For example, a landing page for a website builder might promise that it’s easy to set up the website and, therefore, show images of the user interface. After signup, the user would be taken into a tutorial with popup guides that show them how to choose a website template, add images, and add text to their websites.

Landing pages improve lead generation

All companies want to close more deals and boost sales. To do that, they need a consistent stream of new leads that can be moved down the sales funnel. Landing pages play a critical role in the lead generation process by capturing website visitors’ information and converting them into leads who can be contacted by the sales team.

You can also use landing pages to help your sales team upsell, and make their jobs a whole lot easier. Landing pages optimize the lead generation process because they take visitors to pages tailored to their specific interests and intent.

For example, a T-shirt maker could run ads promoting a new line of kids’ T-shirts, and users who clicked on that ad would go to a landing page where they would see only information about the company’s line of children’s products.

Once visitors complete an action — such as filling out a web form — a salesperson or customer service rep will know what types of products each visitor is interested in. They can then tailor their sales pitch or messaging to better meet each lead’s expectations. Salespeople can also provide targeted educational or product information, like case studies, to help persuade each prospect to become a customer. This gives your sales team an edge and can help them improve their close rates.

Landing pages aren’t a “nice-to-have” part of your marketing campaign — they’re a “must-have.” But where should you start with your landing pages, and how do you create them?

In the next section, you’ll learn how to lay the foundation for a strong landing page by identifying your target audience and choosing the right landing page builder. You’ll also learn about calls to action and how to use them effectively on your landing pages.

Where to start with landing pages

The goal of a landing page isn’t to get as much traffic as possible — it’s to attract the visitors who are most likely to convert, whether that means they’re making a purchase or handing over contact information in exchange for a discount or useful piece of content.

But before you start driving targeted visitors to your landing pages, you first need to know who your target audience is and why they’d want to take that action.
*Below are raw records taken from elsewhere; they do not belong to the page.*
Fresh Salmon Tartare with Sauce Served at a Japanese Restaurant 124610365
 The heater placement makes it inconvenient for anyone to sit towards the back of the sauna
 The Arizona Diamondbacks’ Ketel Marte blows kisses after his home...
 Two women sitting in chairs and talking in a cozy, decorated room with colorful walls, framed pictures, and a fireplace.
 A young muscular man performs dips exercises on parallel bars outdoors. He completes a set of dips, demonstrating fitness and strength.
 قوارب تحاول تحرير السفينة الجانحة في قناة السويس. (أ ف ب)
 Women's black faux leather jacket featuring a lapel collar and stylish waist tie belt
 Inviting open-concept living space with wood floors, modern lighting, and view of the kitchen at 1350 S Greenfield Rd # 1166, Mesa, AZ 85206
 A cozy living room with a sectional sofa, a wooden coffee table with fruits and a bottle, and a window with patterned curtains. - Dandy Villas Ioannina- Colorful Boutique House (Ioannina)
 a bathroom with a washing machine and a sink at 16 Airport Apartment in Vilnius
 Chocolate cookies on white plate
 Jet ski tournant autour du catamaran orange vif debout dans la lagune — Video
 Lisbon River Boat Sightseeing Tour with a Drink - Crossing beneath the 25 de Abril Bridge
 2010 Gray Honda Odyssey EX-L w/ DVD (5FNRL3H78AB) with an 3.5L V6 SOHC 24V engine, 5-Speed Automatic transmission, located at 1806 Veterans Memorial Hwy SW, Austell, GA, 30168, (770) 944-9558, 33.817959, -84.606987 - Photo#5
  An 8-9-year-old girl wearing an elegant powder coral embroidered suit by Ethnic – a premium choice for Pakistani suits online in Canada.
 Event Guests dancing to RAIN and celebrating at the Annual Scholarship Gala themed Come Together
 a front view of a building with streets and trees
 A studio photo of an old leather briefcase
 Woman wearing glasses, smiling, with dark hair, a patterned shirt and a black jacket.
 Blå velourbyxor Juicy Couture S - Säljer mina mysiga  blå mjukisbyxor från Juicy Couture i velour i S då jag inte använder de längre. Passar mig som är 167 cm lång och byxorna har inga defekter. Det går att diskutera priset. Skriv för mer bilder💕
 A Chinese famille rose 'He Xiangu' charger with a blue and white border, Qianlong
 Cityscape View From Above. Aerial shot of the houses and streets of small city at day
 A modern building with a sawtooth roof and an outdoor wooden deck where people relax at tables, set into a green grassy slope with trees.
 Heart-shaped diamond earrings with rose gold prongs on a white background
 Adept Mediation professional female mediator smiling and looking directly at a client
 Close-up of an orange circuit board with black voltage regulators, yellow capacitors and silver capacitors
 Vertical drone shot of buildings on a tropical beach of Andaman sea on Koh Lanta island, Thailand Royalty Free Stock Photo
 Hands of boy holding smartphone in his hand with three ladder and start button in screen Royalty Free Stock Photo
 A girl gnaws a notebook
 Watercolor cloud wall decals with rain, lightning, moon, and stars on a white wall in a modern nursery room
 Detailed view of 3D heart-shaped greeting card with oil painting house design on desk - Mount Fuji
To do this, you need to research your target audience and what motivates them. Start by looking at the following audience characteristics in your existing website analytics platform (like Google Analytics), social analytics platforms (like Facebook Analytics), and even your e-commerce platform analytics:

  • Demographics. Age, gender, location, and income all fall into the category of demographics. When creating a landing page offer, the content and imagery you’d use for a 55-year-old male are much different than what you’d use for a 22-year-old female.
  • Psychographics. Psychographics is the study of personality traits, lifestyle characteristics, aspirations, opinions, and interests of certain groups of people. They help companies understand the triggers that push a customer to buy.
  • Where they spend time online. Your visitors may spend most of their time reading blogs, searching for information on Google, or checking out social media ads. With this information, you can tailor the content, design, and layout of your landing page to look and feel similar to the channels where your visitors spend the most time.
  • Design preferences. If you’re selling a visual product or service, consider the types of graphics and visuals your customers respond to best. For example, if you’re offering a free trial of a software product, screenshots can be an effective way to show your audience what they’ll get after signing up.
  • Cultural preferences. If you’re marketing your product to a global audience, think about the types of design, content, and even colors that would appeal to different cultures and nationalities. For example, if your ideal audience is Chinese, you may want to feature colors that are viewed positively, like red.
  • Accessibility requirements. Regardless of the demographics and psychographics of your ideal audience, your landing pages need to be accessible to those with disabilities. Some of these standards include providing text for all non-text content so it can be turned into large print, braille, or speech; making sure color isn’t the only visual being used to convey information; and allowing text to be resized up to 200 percent without losing functionality.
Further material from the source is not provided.